(Web page caption snippets)

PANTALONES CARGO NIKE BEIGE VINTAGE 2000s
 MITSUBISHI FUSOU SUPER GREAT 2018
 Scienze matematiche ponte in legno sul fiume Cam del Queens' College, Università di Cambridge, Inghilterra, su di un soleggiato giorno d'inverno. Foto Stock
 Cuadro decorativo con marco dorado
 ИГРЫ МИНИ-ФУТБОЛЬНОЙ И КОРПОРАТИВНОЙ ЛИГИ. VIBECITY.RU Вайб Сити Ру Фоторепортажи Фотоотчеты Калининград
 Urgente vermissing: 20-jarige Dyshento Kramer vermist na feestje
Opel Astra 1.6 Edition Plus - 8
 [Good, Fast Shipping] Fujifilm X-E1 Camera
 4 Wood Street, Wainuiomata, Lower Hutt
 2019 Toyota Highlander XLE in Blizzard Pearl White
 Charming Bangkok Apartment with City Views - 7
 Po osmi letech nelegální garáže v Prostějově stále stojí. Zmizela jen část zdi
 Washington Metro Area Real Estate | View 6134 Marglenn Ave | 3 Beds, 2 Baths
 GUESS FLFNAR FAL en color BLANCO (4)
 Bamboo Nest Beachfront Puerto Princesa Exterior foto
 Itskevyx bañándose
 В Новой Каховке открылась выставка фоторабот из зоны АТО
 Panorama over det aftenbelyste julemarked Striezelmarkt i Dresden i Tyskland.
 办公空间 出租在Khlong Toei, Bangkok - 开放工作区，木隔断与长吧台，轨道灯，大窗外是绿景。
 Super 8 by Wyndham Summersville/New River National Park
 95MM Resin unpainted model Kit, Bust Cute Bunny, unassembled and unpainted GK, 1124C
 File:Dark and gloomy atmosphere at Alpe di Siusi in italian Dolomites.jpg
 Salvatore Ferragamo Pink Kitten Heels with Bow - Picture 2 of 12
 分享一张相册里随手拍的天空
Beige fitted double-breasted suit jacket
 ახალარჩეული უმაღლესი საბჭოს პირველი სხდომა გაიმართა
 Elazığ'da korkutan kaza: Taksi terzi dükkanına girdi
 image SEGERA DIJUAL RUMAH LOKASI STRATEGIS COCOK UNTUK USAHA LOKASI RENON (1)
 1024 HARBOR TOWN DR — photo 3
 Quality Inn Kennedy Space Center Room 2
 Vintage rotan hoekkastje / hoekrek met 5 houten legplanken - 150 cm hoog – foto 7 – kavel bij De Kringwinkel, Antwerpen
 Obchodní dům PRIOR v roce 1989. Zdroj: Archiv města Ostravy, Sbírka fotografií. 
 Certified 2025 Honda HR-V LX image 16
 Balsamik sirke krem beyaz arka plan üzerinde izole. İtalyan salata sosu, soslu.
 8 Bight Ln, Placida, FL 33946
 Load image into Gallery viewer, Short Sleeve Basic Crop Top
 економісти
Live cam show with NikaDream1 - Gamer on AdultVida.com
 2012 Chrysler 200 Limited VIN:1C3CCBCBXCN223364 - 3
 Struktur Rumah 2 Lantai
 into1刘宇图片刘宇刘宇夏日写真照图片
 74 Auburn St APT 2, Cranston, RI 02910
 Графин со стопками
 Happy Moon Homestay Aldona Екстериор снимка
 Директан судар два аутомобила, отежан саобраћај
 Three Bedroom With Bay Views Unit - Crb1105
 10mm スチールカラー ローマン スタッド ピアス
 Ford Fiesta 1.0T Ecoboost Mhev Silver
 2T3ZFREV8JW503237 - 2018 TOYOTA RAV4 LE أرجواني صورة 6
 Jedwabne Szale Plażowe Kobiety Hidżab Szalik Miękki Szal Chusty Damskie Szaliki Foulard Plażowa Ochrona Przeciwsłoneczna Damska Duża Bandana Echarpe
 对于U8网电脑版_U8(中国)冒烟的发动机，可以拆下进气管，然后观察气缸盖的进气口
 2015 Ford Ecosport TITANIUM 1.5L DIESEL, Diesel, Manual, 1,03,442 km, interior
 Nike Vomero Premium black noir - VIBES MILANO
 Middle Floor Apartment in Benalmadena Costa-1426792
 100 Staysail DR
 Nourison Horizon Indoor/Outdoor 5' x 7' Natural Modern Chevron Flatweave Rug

■ Task directions: For every line in the entries above that contains "Ford", add one to a count, and give that number by itself.

■ Exercise output: 2